One of Mrs Wellthisiswhatithink’s favourite leisure activities, Dear Reader, is to grab a gold pan and head to the streams around Ballarat and wade around looking for flecks of alluvial gold. This is always more fun if it’s done in cold, steady drizzle, or blazing mid-summer sunshine.
So far she has managed to find four mosquito bites, an old Coke can, and a husband who prefers to sit on the bank eating ham sandwiches and taking photos of the meadow flowers with his iPhone.
But this would obscure the fact that others are more lucky, especially those peculiar bods wandering around with a stick with a plate on the end of it and a pair of headphones.
A Victorian man is $141, 000 richer today thanks to his wife.
Kerang resident Mick Brown had just given up smoking and was in such a bad mood his wife told him to get out of the house to give her some space.

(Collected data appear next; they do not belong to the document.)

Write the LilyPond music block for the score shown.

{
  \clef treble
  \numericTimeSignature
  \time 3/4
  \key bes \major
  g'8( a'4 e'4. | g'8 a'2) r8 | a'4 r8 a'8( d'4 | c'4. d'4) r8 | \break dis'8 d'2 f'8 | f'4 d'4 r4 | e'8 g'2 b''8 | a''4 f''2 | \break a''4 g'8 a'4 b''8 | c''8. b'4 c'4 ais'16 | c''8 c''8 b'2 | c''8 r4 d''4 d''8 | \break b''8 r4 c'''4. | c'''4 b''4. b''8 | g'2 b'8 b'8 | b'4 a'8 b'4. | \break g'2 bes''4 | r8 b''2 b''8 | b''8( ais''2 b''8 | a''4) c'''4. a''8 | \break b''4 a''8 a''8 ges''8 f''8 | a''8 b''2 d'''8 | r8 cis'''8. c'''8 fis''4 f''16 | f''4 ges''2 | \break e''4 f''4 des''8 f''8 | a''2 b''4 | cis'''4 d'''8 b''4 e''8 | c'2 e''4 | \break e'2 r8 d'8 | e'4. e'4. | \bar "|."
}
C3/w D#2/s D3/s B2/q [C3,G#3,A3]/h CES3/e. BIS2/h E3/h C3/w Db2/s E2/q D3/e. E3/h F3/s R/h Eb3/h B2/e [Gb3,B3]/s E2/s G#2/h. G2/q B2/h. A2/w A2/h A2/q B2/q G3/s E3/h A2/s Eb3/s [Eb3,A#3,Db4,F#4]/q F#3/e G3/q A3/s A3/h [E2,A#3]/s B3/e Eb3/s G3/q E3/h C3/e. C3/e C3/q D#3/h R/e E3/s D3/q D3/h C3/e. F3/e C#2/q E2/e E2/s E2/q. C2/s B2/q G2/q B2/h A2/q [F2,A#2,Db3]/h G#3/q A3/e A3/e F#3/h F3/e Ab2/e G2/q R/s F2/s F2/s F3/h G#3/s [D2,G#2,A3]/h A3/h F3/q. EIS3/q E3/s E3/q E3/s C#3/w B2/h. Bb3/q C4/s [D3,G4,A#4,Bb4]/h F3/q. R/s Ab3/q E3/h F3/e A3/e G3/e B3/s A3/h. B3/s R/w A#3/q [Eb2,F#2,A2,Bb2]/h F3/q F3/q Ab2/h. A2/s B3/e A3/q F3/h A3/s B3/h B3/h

A seasoned prospector, Brown decided to let off some steam by searching a patch of land near Wedderburn. Wedderburn is a rural town in Victoria, Australia on the Calder Highway, 214 kilometres north of Victoria’s capital city, Melbourne. It is mainly a farming community but its early residents were gold miners and prospectors.
One of the main attractions for tourists is Hard Hill Reserve where, with a bit of imagination, one can feel a sense of what it was like in the ‘old days’ living in tents on the goldfields. Apart from gold, a number of Eucalyptus stills used to operate in the district and a replica still has been situated on the site and is fired up, by arrangement, for tourist buses. On site is one of the original batteries for crushing the ore and removing the gold. A puddler is also on site and a demonstration of it working can be seen during the annual Gold and Heritage Festival held round about the end of February and the beginning of March. The town is a popular spot for hopefuls with gold detectors who are still finding the occasional nice nugget.
But 42-year-old Mick did not expect to find anything having scoured the area many times before without success.
It was his lucky day.
Just 15 centimetres below the surface Brown struck gold, unearthing a 2.7 kilogram nugget.
“I thought, ‘bugger me, it is, it’s bloody gold,” Brown told local media.
“I just dug it up, 87 ounces of the good stuff.”
He has affectionately nicknamed his find “Fair Dinkum” which is Aussie slang for “real”.
Asked what he would do with the money, Brown said he planned to pay off his debts and buy his children a spa. Good luck to him.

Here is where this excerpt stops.